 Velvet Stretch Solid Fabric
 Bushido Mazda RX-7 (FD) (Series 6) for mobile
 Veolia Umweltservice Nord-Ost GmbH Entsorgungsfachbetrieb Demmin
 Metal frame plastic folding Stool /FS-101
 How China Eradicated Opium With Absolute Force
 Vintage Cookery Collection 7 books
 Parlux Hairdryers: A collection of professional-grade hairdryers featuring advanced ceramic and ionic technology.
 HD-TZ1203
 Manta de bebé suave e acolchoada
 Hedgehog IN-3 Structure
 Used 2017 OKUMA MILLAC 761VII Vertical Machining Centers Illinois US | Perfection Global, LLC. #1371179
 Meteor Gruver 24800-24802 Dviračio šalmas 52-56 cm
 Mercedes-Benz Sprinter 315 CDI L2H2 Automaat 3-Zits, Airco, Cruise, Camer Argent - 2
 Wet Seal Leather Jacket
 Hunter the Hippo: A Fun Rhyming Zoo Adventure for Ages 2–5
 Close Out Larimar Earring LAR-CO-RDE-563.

- - - - - - -

> _How to complete this task_
Reproduce all of the material above without alteration.

> _Result of this exercise_
 Velvet Stretch Solid Fabric
 Bushido Mazda RX-7 (FD) (Series 6) for mobile
 Veolia Umweltservice Nord-Ost GmbH Entsorgungsfachbetrieb Demmin
 Metal frame plastic folding Stool /FS-101
 How China Eradicated Opium With Absolute Force
 Vintage Cookery Collection 7 books
 Parlux Hairdryers: A collection of professional-grade hairdryers featuring advanced ceramic and ionic technology.
 HD-TZ1203
 Manta de bebé suave e acolchoada
 Hedgehog IN-3 Structure
 Used 2017 OKUMA MILLAC 761VII Vertical Machining Centers Illinois US | Perfection Global, LLC. #1371179
 Meteor Gruver 24800-24802 Dviračio šalmas 52-56 cm
 Mercedes-Benz Sprinter 315 CDI L2H2 Automaat 3-Zits, Airco, Cruise, Camer Argent - 2
 Wet Seal Leather Jacket
 Hunter the Hippo: A Fun Rhyming Zoo Adventure for Ages 2–5
 Close Out Larimar Earring LAR-CO-RDE-563.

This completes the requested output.